8.1.7. sklearn.cluster.Ward

class sklearn.cluster.Ward(n_clusters=2, memory=Memory(cachedir=None), connectivity=None, copy=True, n_components=None)

Ward hierarchical clustering: constructs a tree and cuts it.

Parameters :

n_clusters : int or ndarray

The number of clusters to find.

connectivity : sparse matrix.

Connectivity matrix. Defines for each sample the neigbhoring samples following a given structure of the data. Default is None, i.e, the hiearchical clustering algorithm is unstructured.

memory : Instance of joblib.Memory or string

Used to cache the output of the computation of the tree. By default, no caching is done. If a string is given, it is the path to the caching directory.

copy : bool

Copy the connectivity matrix or work inplace.

n_components : int (optional)

The number of connected components in the graph defined by the connectivity matrix. If not set, it is estimated.


children_ array-like, shape = [n_nodes, 2] List of the children of each nodes. Leaves of the tree do not appear.
labels_ array [n_points] cluster labels for each point
n_leaves_ int Number of leaves in the hiearchical tree.
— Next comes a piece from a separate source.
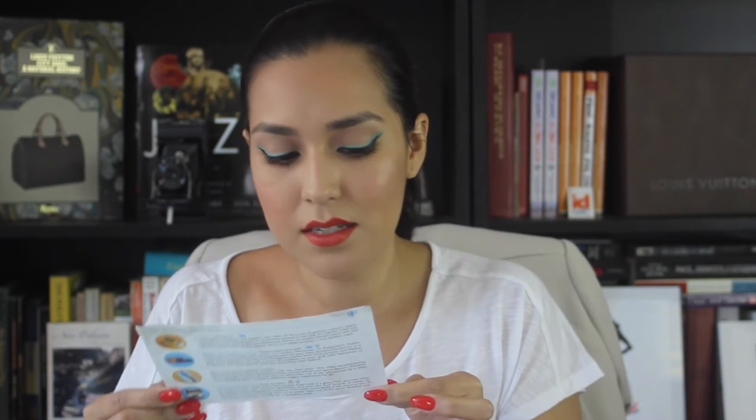It says here that because Try the World works with smaller producers across the world, each box may have a slightly different selection of products or flavors than shown. However, they ensure that all products pass their highly selective criteria to deliver an authentic experience. Discover more Argentine gourmet products at TryTheWorld.com.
fit(X) Fit the hierarchical clustering on the data
get_params([deep]) Get parameters for the estimator
set_params(**params) Set the parameters of the estimator.
__init__(n_clusters=2, memory=Memory(cachedir=None), connectivity=None, copy=True, n_components=None)
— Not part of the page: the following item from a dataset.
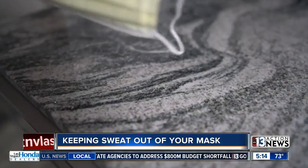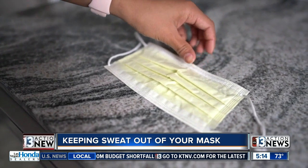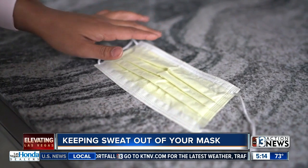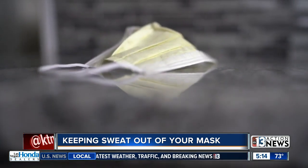Welcome back. Now that the weather is warmer, wearing a mask can get a little hot and a little sweaty. Doctors right now say to consider the material of your mask. Cotton is the most breathable and can easily be washed after you wear it.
Fit the hierarchical clustering on the data

Parameters :

X : array-like, shape = [n_samples, n_features]

The samples a.k.a. observations.

Returns :

self :


Get parameters for the estimator

Parameters :

deep: boolean, optional :

If True, will return the parameters for this estimator and contained subobjects that are estimators.


Set the parameters of the estimator.

The method works on simple estimators as well as on nested objects (such as pipelines). The former have parameters of the form <component>__<parameter> so that it’s possible to update each component of a nested object.

Returns :self :